Prompt –
What you return should be the complete data below, word for word, with no pictures in it.

Available data –
────────────────────
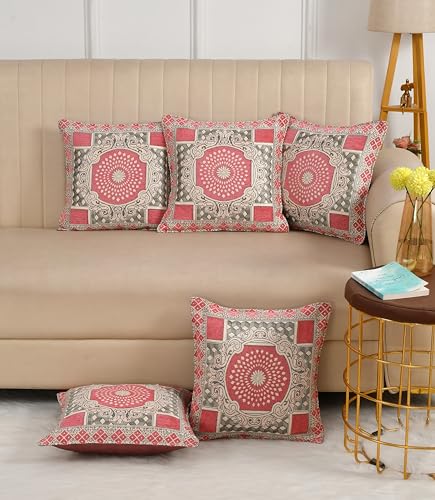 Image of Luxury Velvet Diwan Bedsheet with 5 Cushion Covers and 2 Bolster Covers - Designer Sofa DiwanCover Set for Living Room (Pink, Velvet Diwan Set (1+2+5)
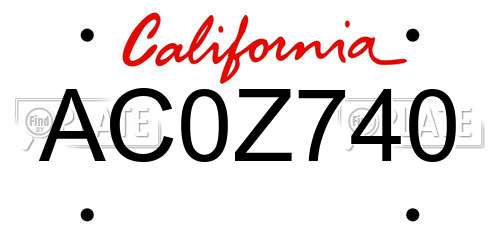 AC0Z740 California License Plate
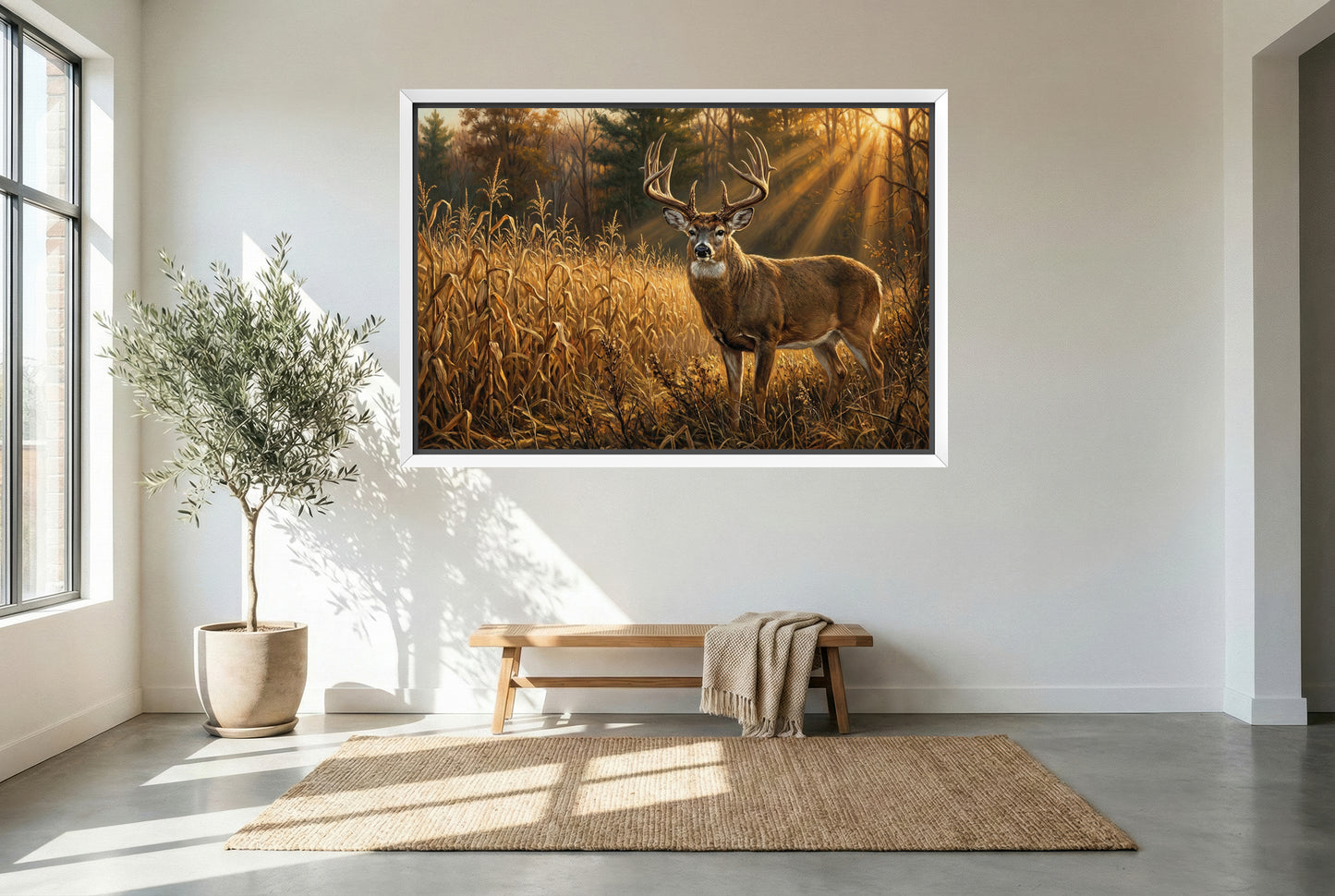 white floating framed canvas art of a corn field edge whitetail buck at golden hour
────────────────────
Answer for this exercise –
 Image of Luxury Velvet Diwan Bedsheet with 5 Cushion Covers and 2 Bolster Covers - Designer Sofa DiwanCover Set for Living Room (Pink, Velvet Diwan Set (1+2+5)
 AC0Z740 California License Plate
 white floating framed canvas art of a corn field edge whitetail buck at golden hour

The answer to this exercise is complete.